I also particularly like this quote about the Rabbi's views of gays continuing to date outside the marriage:
Harel said as long as both parties are aware the other is dating, it would not be adultery in such a union. He said the same would not be true for a straight couple because they are sexually compatible and have no reason to look elsewhere. Jewish law forbids adultery.
For me personally, adultery has always required an element of deception. I believe strongly that the core of adultery is neglect; the person cheating is the person whose needs are not being met. Thus, to avoid getting cheated on, one must do two things:
1) Be responsive and mindful of the other person's needs in the relationship
2) Be communicative with their partner about what's going on in their life, and if there is someone who they are feeling attracted to.
My bottom line definition of cheating: If you wouldn't tell your partner about it, you're cheating. It's the queasiness, the excitement, the thrill of doing something you're not supposed to, that puts the spice into cheating that might not be there otherwise. If you tell your partner you're going out for coffee with someone else, the "forbidden fruit" syndrome is side-stepped. If you are mindful of the other person's needs, there is less of at temptation to seek fulfillment elsewhere.
Source: The Solipsistic Me
Rabbi Harel's adaptation is very similar, as he acknowledges that gay males and females who are married to each other may not be sexual compatible. In this case, a need exists that the other partner is incapable of providing. This is no different than a bi woman who is in a relationship with a male who asks to see another woman. It's not that the guy isn't "man" enough, it's that he's not "woman" enough. To attempt to force either party into monogamy seems to create more problems than it would solve.
The only caveat: If you're going to sleep outside of the relationship, keep your partner safe. What do I mean by this? Use protection. There is no way you can justify sleeping with other people if you're risking your partner's life in the process. Caution is certainly prudent; one suggestion is to make sure all parties involved have negative STI tests that are at least 6 months apart, as well as using protection. I have no idea what the Orthodox Jewish stance is on barrier contraceptive methods, so I don't know what Rabbi Harel would advise. Any Jewish readers, please feel free to comment.
Western culture is actually the exception, not the rule, when it comes to roles for the Alphabet Soup. I suspect this is why the gay community is so vocal; we have no purpose socially. A safe, constructive, positive outlet for alternate gender identities would ease tensions between the gay community and those who would oppress it. There would be clear role-models, clear expectations. Yes, of course there would be those who still wouldn't follow the rules; there's a place for them too. But it is the lack of a place for Alphabet Soup members that is creating a flashpoint, as we try to take over space that has been occupied in the past by an Abrahamic-centric, homophobic culture.
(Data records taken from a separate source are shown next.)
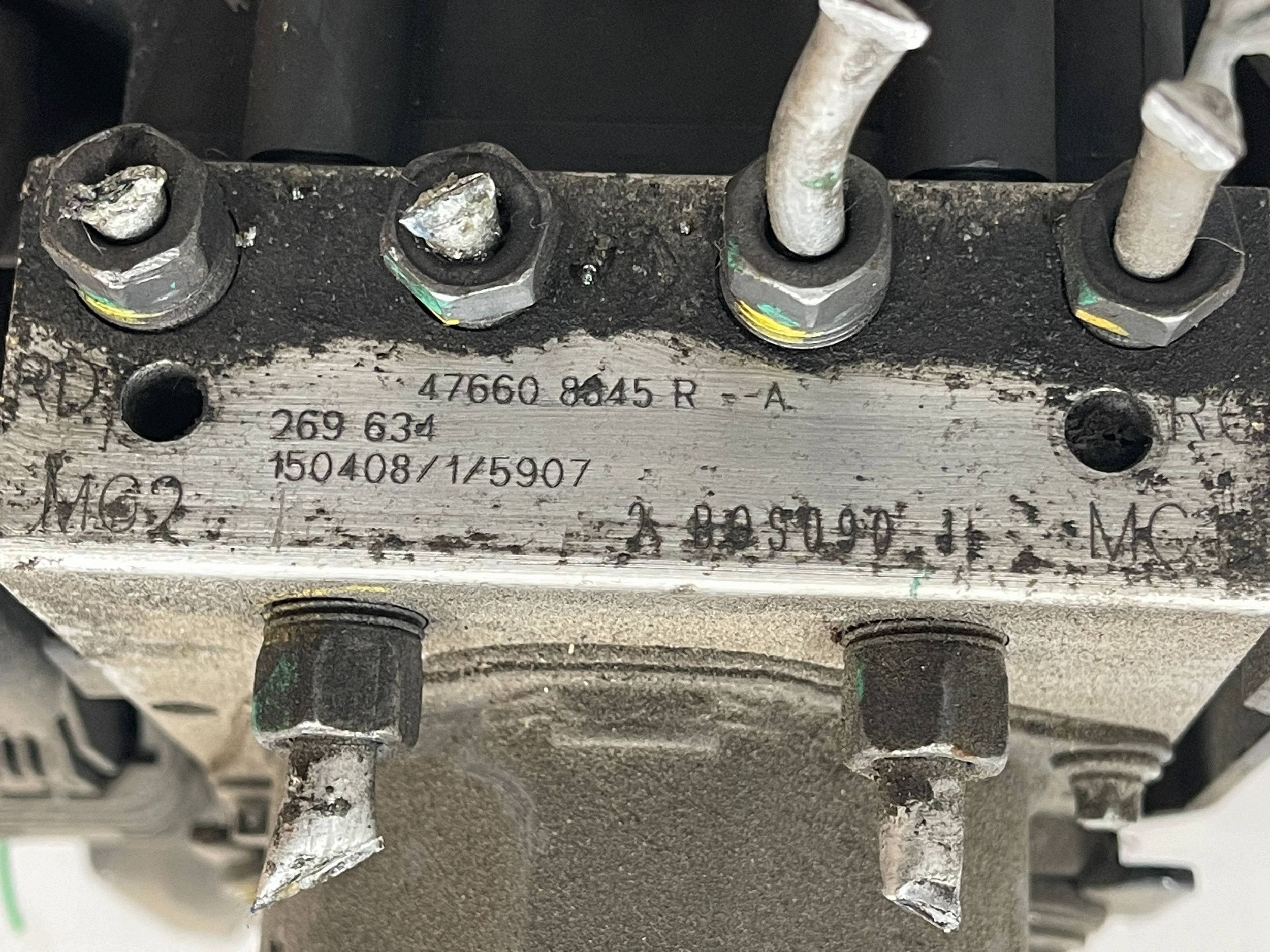 pumpa ABS DACIA DUSTER 1 a LIFT 13- 476608845R
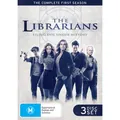 Librarians, The - Season 1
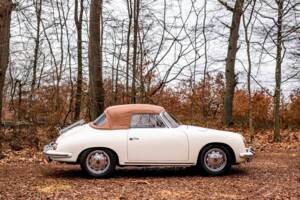 Immagine 48/50 di Porsche 356 C 1600 (1964)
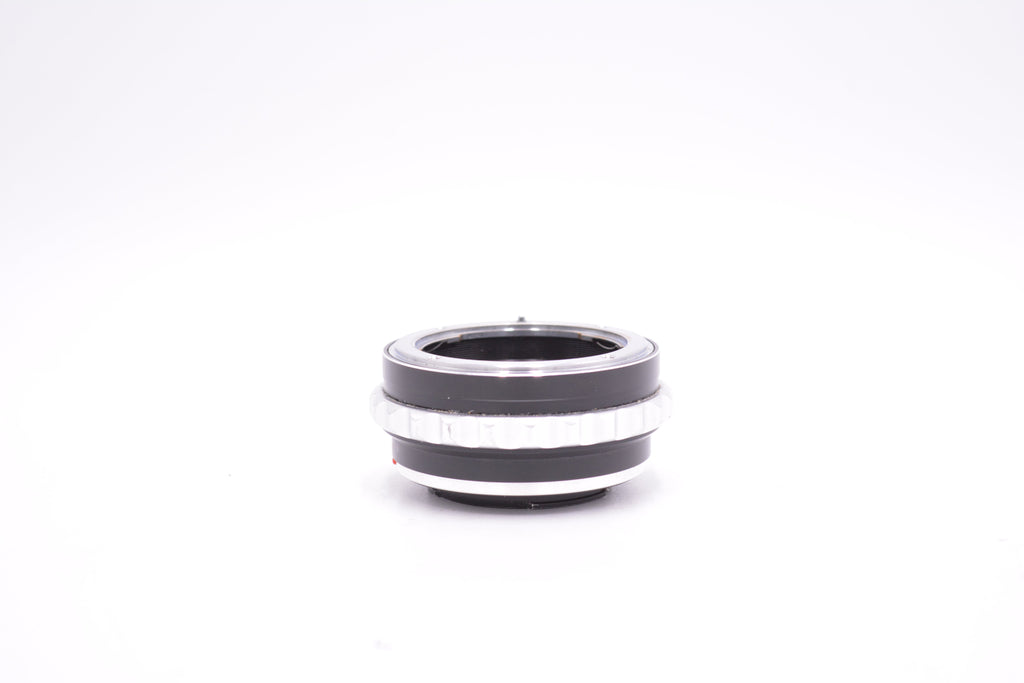 Beschoi Nik (G) to FX Adapter Nikon F-mount to Fuji X-mount, Used - AVC photo video store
The results are not pretty. Matthew Shepard and Brandon Teena can attest to that. While I acknowledge that Rabbi Harel's solution isn't ideal, it represents an acknowledgement of inborn characteristic of alternate identities. We cannot help who we are; at least help us find a place where we can be. The gay community has been lobbying hard to receive the simplest, most basic of human rights - the acknowledgement that I exist. Thank you, Rabbi Harel, for that acknowledgement.